▶ Work item: Nothing but the records, transcribed exactly, should appear in the answer; leave the pictures out.

▶ Data shown:
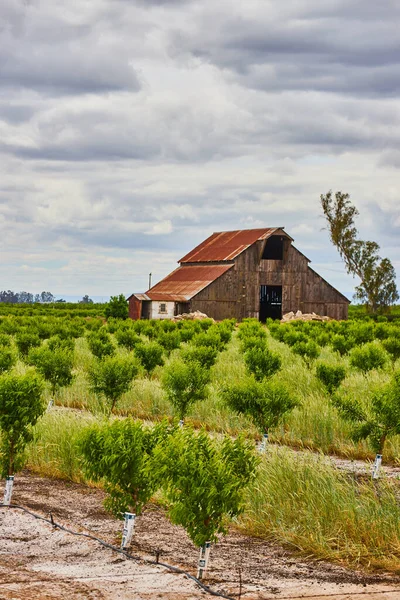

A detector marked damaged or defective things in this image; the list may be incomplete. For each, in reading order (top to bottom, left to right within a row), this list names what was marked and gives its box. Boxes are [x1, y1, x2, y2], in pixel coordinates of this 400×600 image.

rusty metal roof [178, 227, 288, 262]
rusty metal roof [144, 264, 233, 300]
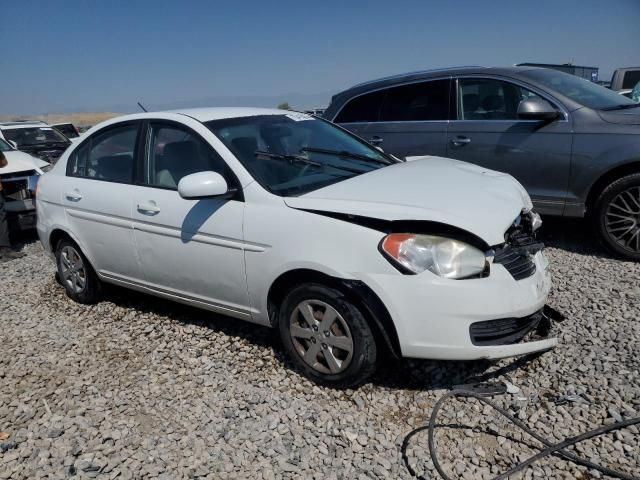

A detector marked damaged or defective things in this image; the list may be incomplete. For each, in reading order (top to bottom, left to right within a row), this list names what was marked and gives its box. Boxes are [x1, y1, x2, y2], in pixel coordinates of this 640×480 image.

cracked headlight [380, 233, 484, 278]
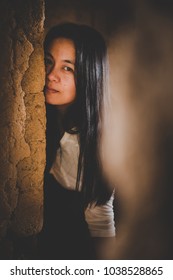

▶ Answer space:
A detector marked damaged or defective things in this image; the list may be incomplete. For each, in reading order (top to bottom, left to right within a row), this list names what was marked and gives its box. Boxes are [x1, y1, x2, y2], in pixel coordinates of this 400×600 image.

rusty metal roof [178, 227, 288, 262]
rusty metal roof [144, 264, 233, 300]

A detector marked damaged or defective things in this image; the list may be incomplete. For each, in reading order (top to bottom, left to right within a row), this list names what was marked and gives its box. Boxes are [x1, y1, x2, y2], in pixel coordinates of this 640×480 image.

cracked headlight [380, 233, 484, 278]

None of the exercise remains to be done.